Your task:
Return the line that has "cropped akeo pant - black linen drape" and all lines below it through the last, exactly as they stand; omit pictures.

Dataset extract:
+===+
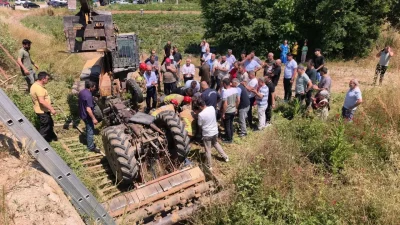 Bursa’nın İnegöl ilçesinde kontrolden çıkarak köprüden aşağı uçan traktörün altında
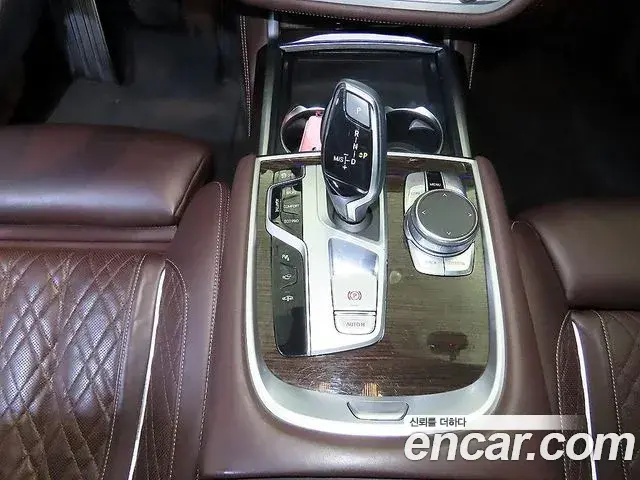 BMW 7 Series 2019 — Фото 12/20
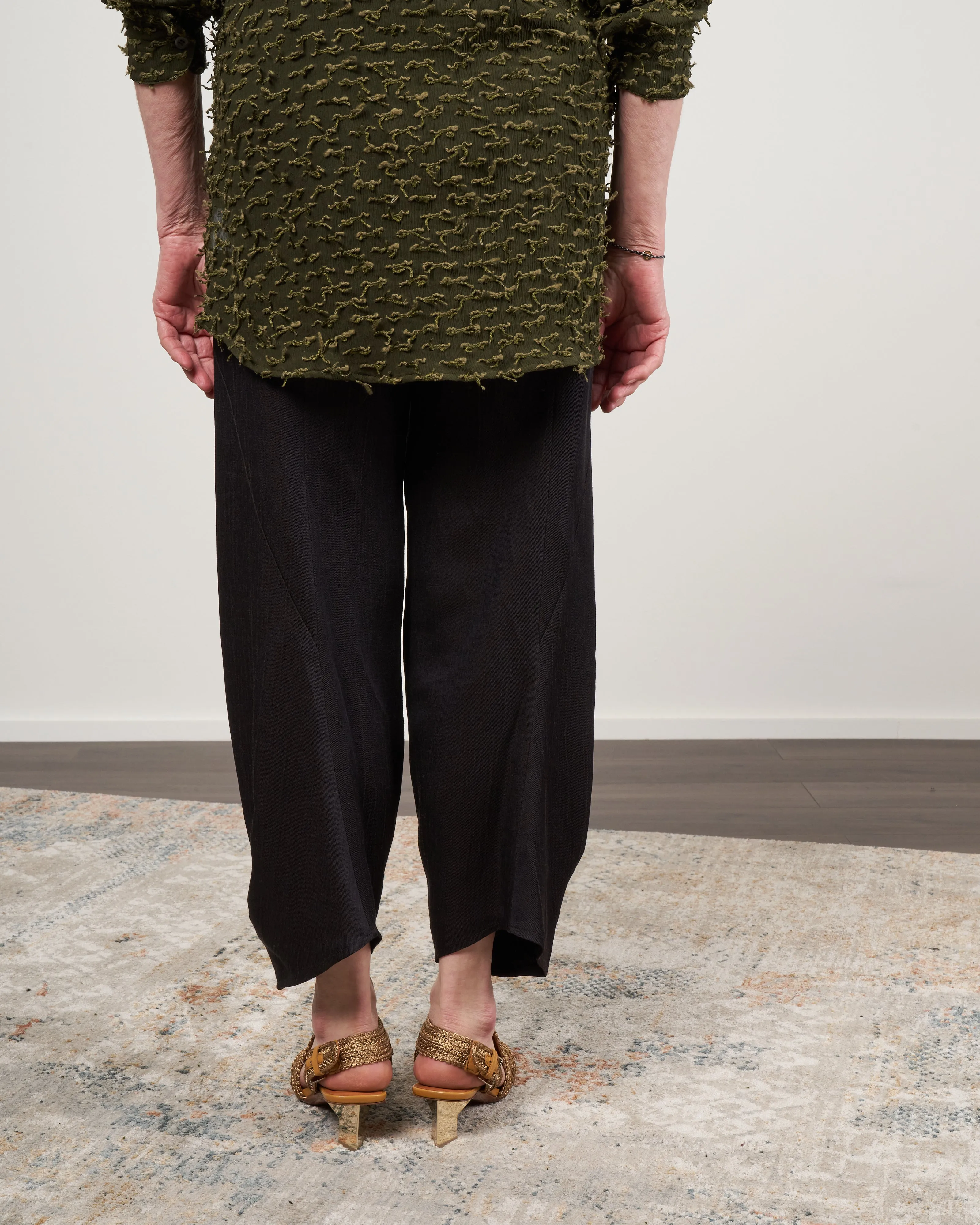 cropped akeo pant - black linen drape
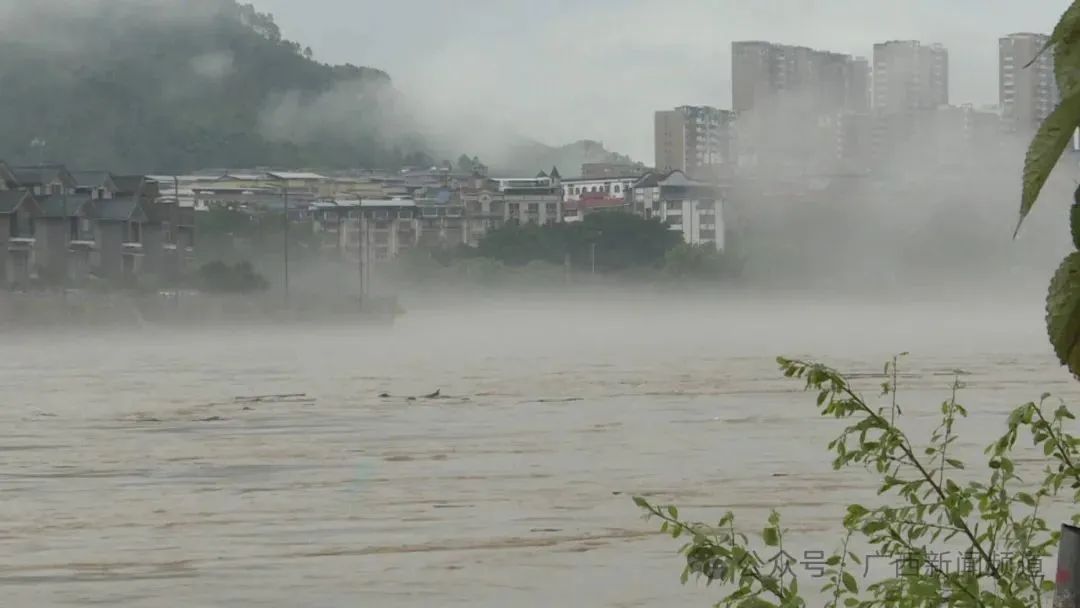 多地发布暴雨预警！桂江出现1号洪水 16号前广西持续降雨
+===+
Result for this task:
 cropped akeo pant - black linen drape
 多地发布暴雨预警！桂江出现1号洪水 16号前广西持续降雨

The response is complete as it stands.